Your answer should hold only the lines from the one containing "Red One Aqua Hair Gel Wax 150ml" through the last line below, copied exactly; pictures stay out.

Given material:
------------------------------------------------------------------------
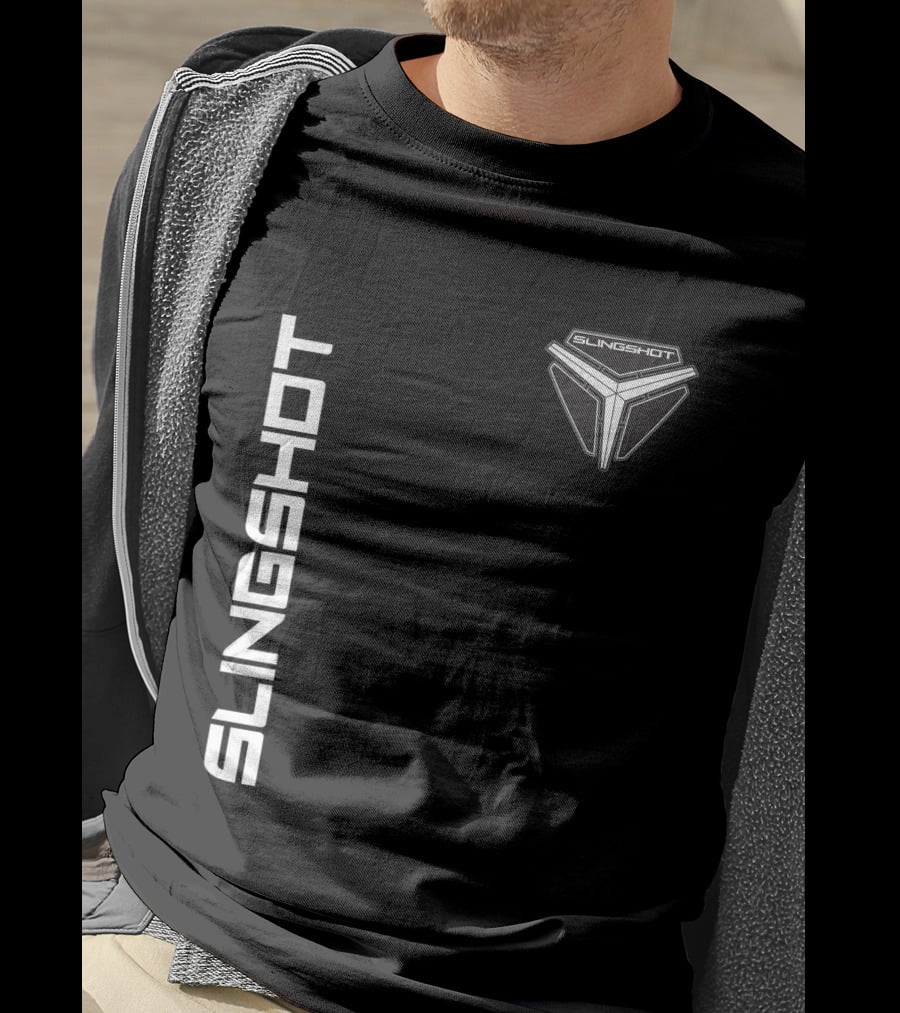 Slingshot 10 Three-Wheel Roadster Emblem T-Shirt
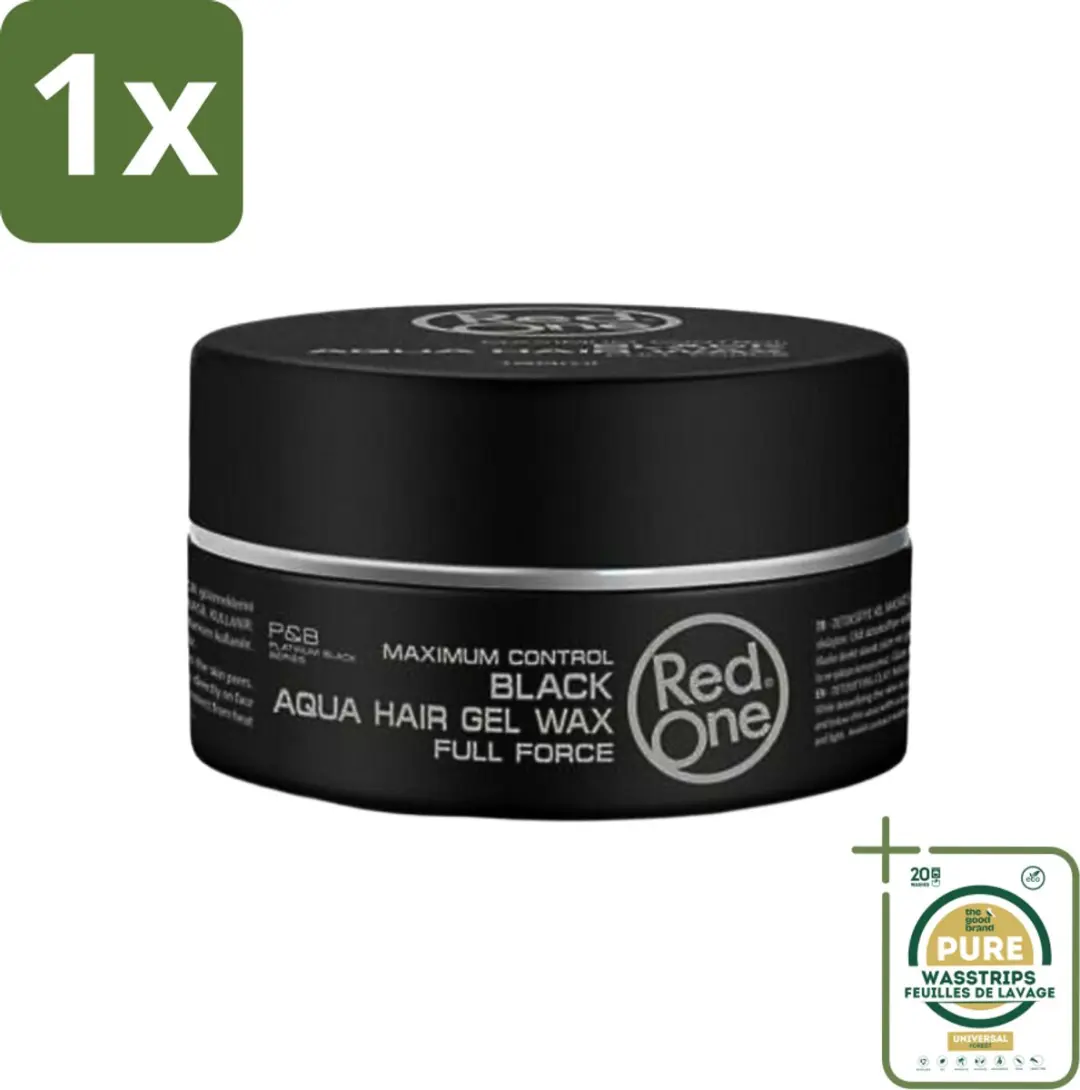 Red One Aqua Hair Gel Wax 150ml
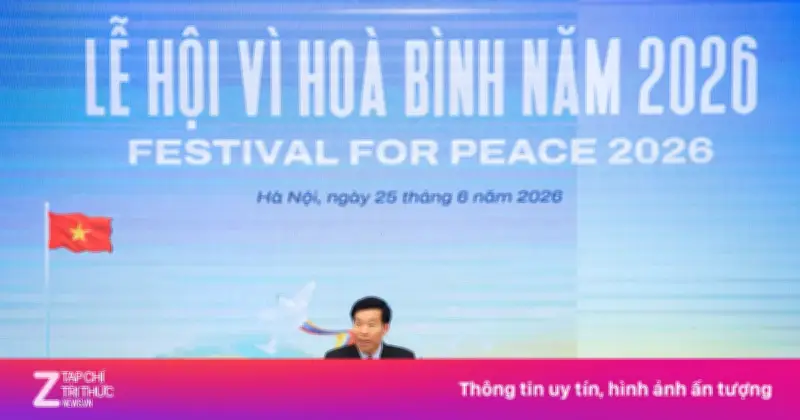 Lễ hội Vì hòa bình 2026: Thông điệp vượt thời gian từ Quảng Trị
------------------------------------------------------------------------
Exercise answer:
 Red One Aqua Hair Gel Wax 150ml
 Lễ hội Vì hòa bình 2026: Thông điệp vượt thời gian từ Quảng Trị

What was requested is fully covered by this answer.